My 850s have always smoothed out above 3300, but never as smooth as the 750s.
So, what did you do to fix this problem forever?
thanks
There were a variety of buffers available at one time with differing hardness. I think Norvil had them.
 
highdesert said:
Windy, how did you fix the new rubber snubbers are harder problem?
Do you have access to softer ones?



The more I think about it, the more I can remember your comment about the originals being softer.
My Commandos back then would be smooth as silk above 2600, at my 750s.
My 850s have always smoothed out above 3300, but never as smooth as the 750s.
So, what did you do to fix this problem forever?
thanks

the fix that I used was to narrow the large rubbers in the mount about 30 percent.
the fix to never have to fettle the mount clearance is I made a rod link at the front mount.

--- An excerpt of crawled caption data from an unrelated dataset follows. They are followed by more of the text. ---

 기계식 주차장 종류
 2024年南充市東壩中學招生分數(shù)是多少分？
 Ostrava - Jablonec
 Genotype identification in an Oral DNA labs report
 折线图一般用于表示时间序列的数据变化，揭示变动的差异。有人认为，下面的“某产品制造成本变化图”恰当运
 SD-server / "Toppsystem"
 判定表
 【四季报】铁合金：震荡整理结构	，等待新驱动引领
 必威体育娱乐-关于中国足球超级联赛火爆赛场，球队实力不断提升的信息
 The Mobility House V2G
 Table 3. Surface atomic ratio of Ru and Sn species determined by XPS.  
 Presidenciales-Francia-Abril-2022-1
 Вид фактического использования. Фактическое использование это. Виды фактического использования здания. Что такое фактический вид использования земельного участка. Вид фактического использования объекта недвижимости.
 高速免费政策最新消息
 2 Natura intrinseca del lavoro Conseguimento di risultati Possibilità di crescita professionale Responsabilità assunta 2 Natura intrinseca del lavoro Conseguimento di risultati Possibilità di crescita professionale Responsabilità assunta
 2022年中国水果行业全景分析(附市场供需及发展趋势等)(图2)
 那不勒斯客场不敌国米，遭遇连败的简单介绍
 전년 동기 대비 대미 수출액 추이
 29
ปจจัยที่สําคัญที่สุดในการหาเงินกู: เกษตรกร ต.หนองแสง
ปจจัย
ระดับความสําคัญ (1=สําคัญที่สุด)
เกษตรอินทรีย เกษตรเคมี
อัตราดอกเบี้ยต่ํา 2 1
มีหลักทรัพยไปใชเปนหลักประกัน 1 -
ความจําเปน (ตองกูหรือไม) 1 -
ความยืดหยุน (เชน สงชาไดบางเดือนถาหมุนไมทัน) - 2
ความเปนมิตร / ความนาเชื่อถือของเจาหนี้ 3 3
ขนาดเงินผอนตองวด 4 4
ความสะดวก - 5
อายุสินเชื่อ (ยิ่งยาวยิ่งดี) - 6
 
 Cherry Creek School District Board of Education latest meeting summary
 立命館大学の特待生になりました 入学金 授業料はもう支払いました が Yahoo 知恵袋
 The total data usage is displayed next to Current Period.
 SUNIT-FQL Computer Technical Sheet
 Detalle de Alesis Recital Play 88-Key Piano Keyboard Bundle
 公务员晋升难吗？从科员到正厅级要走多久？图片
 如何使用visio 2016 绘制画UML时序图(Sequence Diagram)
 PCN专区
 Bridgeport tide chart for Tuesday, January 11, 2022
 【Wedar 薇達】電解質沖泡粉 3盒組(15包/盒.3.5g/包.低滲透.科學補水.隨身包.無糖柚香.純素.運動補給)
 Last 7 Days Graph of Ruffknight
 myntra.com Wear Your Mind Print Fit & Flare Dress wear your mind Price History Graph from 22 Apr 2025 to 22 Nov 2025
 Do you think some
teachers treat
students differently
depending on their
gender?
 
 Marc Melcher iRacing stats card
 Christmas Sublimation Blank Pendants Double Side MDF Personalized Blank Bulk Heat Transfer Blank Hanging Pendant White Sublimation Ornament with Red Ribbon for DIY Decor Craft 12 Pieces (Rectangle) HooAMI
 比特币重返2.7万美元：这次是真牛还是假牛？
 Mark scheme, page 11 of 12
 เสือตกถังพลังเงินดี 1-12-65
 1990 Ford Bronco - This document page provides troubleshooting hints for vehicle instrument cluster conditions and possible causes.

I don't even have the the end caps on mine just the mount housing,tube with rubbers and the abutments now .
 
My belt was red and the replacement and the spare are both red.
Hayward items I believe.
 
Regarding vibration, when I replaced my original (?) rubbers with new MK111 design I thought I'd fitted a BSA conversion !! Loosened the tolerances up and it was better but nowhere near as smooth as before. It got better over a month or two to the point that I don't even think about it anymore. It still shakes a bit more down low but is much smoother above 3000rpm.